In order to win the playoff series, a team has to win a certain number of games before the opponent wins that number. To model this distribution based on pure randomness, you can use the negative binomial distribution to determine the probability that the Favorite will win a 7-game playoff series in 4, 5, 6, or 7 games. If you wanted to design a playoff series to minimize the chances that the underdog will win, you’d want to choose a number of games which would have the smallest probability of the underdog winning the series.

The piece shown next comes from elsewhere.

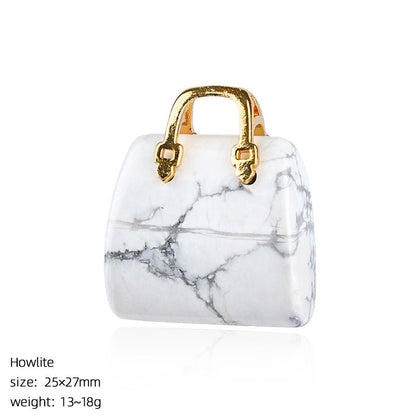 🔮 Mini Natural Crystal Handbag Charms – Lucky Aura Energy DIY Jewelry Pendants ✨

This chart shows the probability for all 8 possible outcomes of a 7-game playoff series based of a 55/45 winning percentage split and pure randomness with no home-field advantage. As you can see there’s a substantial chance [39% probability] that the Underdog will win a 7-game series. 39% is rather large, and this is a 7-game series. Baseball also employs a 5-game series for their division series (LDS) and a one-game playoff for the the Wild Card round (WC). The chances of an upset becomes more likely as the number of games decreases. I’ve also added another set of teams (60/40 split — greater disparity) for comparison’s sake.

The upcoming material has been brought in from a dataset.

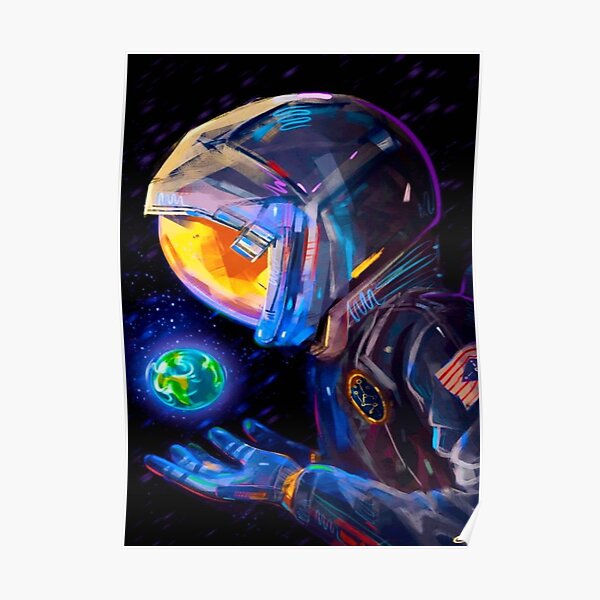 Copy of Cute Astronaut design with flowers In Space Poster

It should be obvious that the 1-game series has the greatest chance of an upset, hence the objections to its use in baseball. Though my contention would be that a 3-game series does not offer much more certainty that the best team will win.
The Math Side
I first calculated these probabilities by writing out all the possible combinations then adding up those probabilities. I have since realized there was a much easier way to determine these probabilities, and that is by using the negative binomial distribution (NBD). If you want to familiarize yourself with what the distribution represents please read the count data primer. In short, the NBD will determine the probability that a team will lose a certain number of games [0-3] before the other team wins 4 games. The NBD is defined by the following function:
$latex P(X=k) = {{r+k-1}\choose{k}} p^{r} (1-p)^{k}&s=2$
where X is the random variable whose probability we are calculating, k is number of Team A losses [this will vary], r is the number of Team A wins [for the 7-game series, it will be 4 games], and p is the probability of Team A winning. In the case of this example we will be determining the probability of Team A winning a 7-game series, when Team A has a 55%/45% advantage over Team B.

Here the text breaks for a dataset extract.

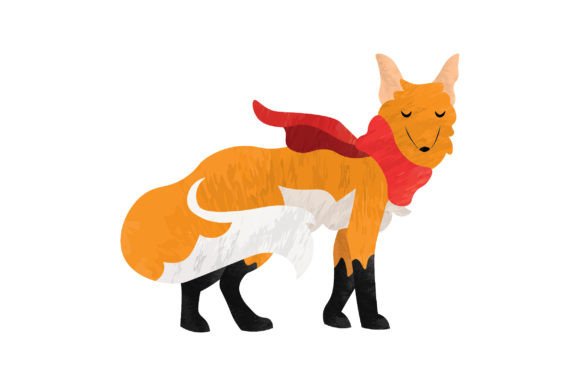 Fox with Scarf Waving Watercolor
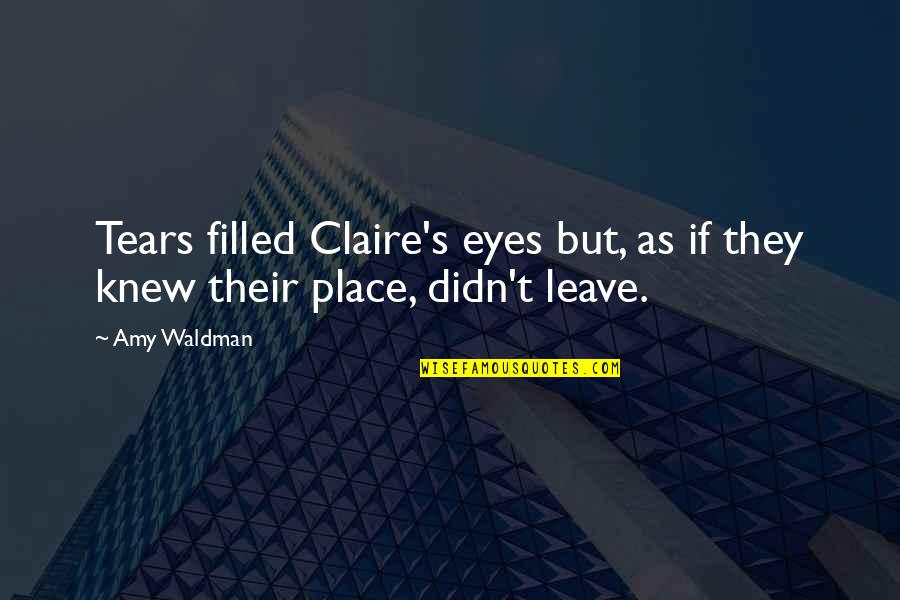 Amy S Eyes Quotes By Amy Waldman: Tears filled Claire's eyes but, as if they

$latex P(X=2) = {{4+2-1}\choose{2}} 0.55^{4} (1-0.55)^{2}&s=2$
$latex P(X=2) = {{4+2-1}\choose{2}} 0.55^{4} (1-0.55)^{2}&s=2$
$latex P(X=2) = 10 * 0.0915 * 0.2025 = 18.53\% &s=2$
This is the probability for just one possible outcome, Team A wins the series in 6 games. To determine the probability that Team A wins the series, you add the probabilities for each outcome Team A wins in 4, 5, 6, or 7 games. So this calculation then repeated for every loss possibility:
$latex P(WinningSeries) = P(X=0) + P(X=1) + P(X=2) + P(X=3)&s=0$
$latex P(WinningSeries) = 9.15\% + 16.47\% + 18.53\% + 16.68\% = 60.83\%&s=0$
From these calculations, there is a 60.83% chance that the Team A wins just by randomness. Conversely, there is a 39.17% [100% – 60.83%] chance that Team B, the inferior team, wins because of random sequencing.
Conclusion
The MLB Wild Card game rightfully gets criticized for being too susceptible to having a bad day or getting a bad bounce. I wanted to illustrate that any playoff series has a lot of randomness in it. Beyond the numbers, people remember the bad bounces way more than they remember the positive or neutral events that occur [negativity bias]. A bad bounce or a pitcher having a bad day could easily benefit the team you are rooting for. The only real way to root out the randomness you would need to play hundreds of games, and somehow I don’t think that is feasible.